CHINA HERITAGE QUARTERLY China Heritage Project, The Australian National University ISSN 1833-8461
No. 13, March 2008

FEATURES

The Family Studio of a Ci Poet | China Heritage Quarterly

The Family Studio of a Ci Poet

John Minford

We present two cameos from an extraordinary exhibition mounted in 2006-2007 by Soong Shu-kong 宋緒康 (Taipei-based architect and designer), in which he recreated, through artworks, calligraphy, seals, inkstones, fans, threadbound books, and photographs the literary lineage of his distinguished family during the nineteenth and twentieth centuries. The exhibition was itself an installation of a family studio, of an inner chamber, or family sanctuary, an assemblage of objects, of memorials from a vanished world, carefully contrived to conjure up out of the past the poetic community that revolved around his ancestors and their friends.[1] Browsing through the catalogue brings to mind the immortal words of Wang Xizhi (309-c.365), where he celebrates that original of all Chinese picnics, the open-air, waterside 'studio' of Orchid Pavilion: 'As our eyes wander from object to object, so our hearts too, ramble with them. Indeed, for the eye as well as the ear, it is pure delight! What perfect bliss!'

The two poems were written by Shu-kong's father, Soong Hsun-leng 宋訓倫, and are taken from his collection of twenty-nine lyrics, entitled The Fragrant Hermitage 馨菴詞稿.[2] The accompanying illustrations were kindly provided by Shu-kong.

Poem 1: The Old Pavilions

To the tune 'Red Candlelight'

Gao Yingsan the seal carver from Yujiang (Yangzhou) came with his son Tianxin to earn a living carving seals in Wuxing. They frequently came to my home on social calls, and I used to brew them some of our best Biluochun tea. Tianxin wrote a poem with the line:

Once the horse trainer Bole has gone, It will be hard for him to return.

Fifteen years later, when the Japanese were running amok, Tianxin and I ran into each other unexpectedly in Chengdu, and I presented him with this lyric of mine.

Fifteen years ago
I recall
In the wilds
Near Huzhou,
By the Tiao stream,
I walked arm in arm
With you, great son of a great father:
Your fame as artists will be known
For generations to come.
That day
I pointed out to you
Chaoyin bridge
In Huzhou,
And my home,
Studio of the Plum Blossom Eulogy,
Named in honour of the great Tang statesman
(My namesake) –
Who once wrote in praise
Of that flower.
We drank
The best tea:
You wrote
A fine poem.
Ah!
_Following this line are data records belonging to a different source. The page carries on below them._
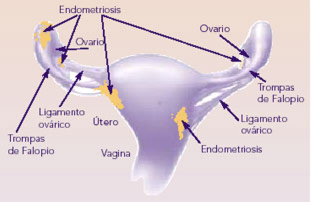 diagrama de endometriosis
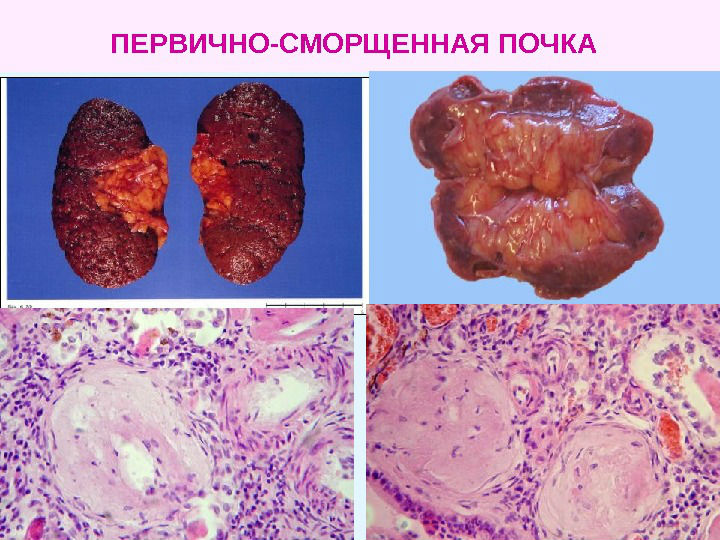 Мезангиопролиферативный гломерулонефрит, его лечение и симптомы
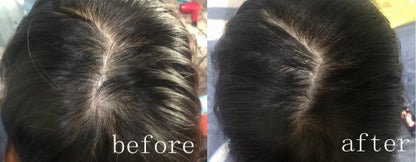 Lovilds® Hair Restoration Spray ( Reawaken Your Roots. Regrow Naturally. ✨ Clinically Proven Hair Regrowth Within 4 Weeks ✨)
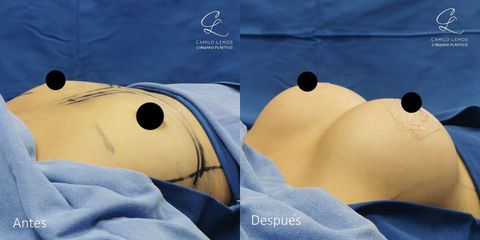 Mamoplastia de aumento - Dr. Camilo Lemos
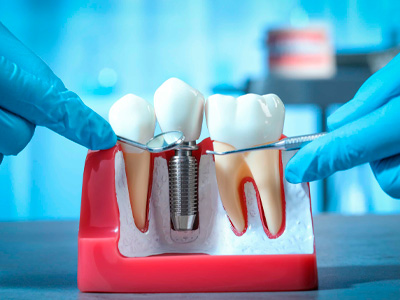 Diferenciais Odontológicos - Gurupi -TO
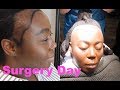 My Hair Transplant Surgery Day/ Mateyena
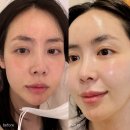 삼성동피부과 큐티셀 블랙라벨 스킨부스터 연예인 피부관리 추천 후기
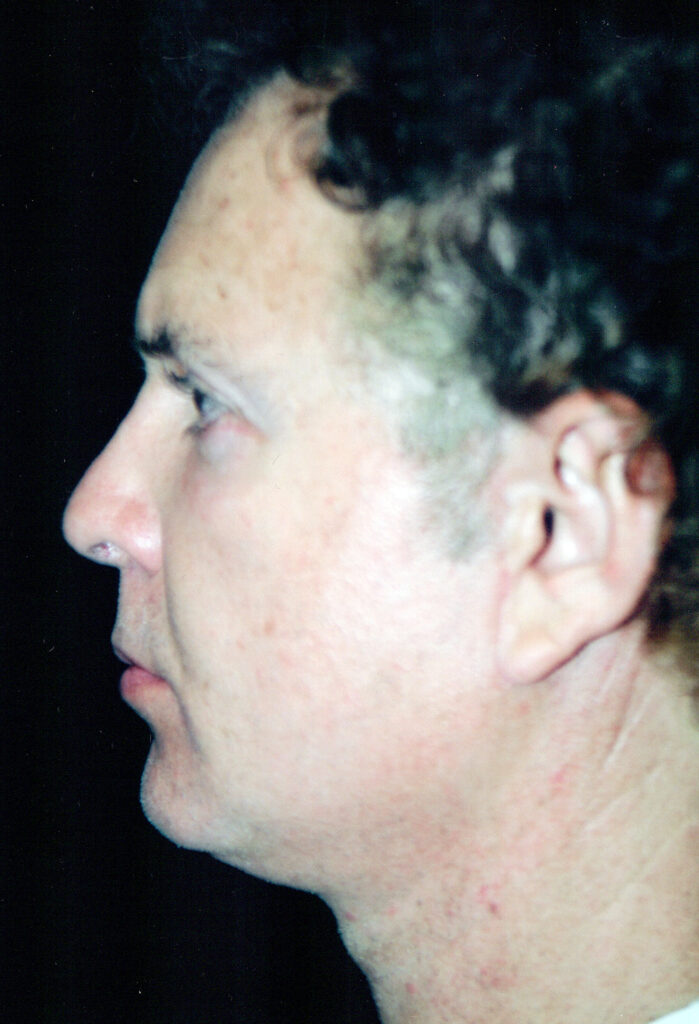 After Image: Face-Neck Lift - left-side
What exquisite moments of leisure
We had!


Now, in these days of turmoil
We meet again,
Both grey-haired
With the commotion of the times.
We urge one another
Never to abandon
The lofty ideals of a scholar.
We swallow the bitter taste
Of the Japanese invaders.
When will our warships
Sail east again?
When will we see
The old pavilions
Once more,
In our homeland
Of water and clouds?
When the mood takes you,
You grind your stones;
When I am tipsy,
I write my verses,
While round us stretch the rivers and hills,
A mighty landscape scroll.

Poem 2: The Old Seal, the Old Spirit

To the tune 'Partridge Skies'

This poem was first published in the Hong Kong journal Ta-ch'eng 大成雜誌 on 15 January 1973.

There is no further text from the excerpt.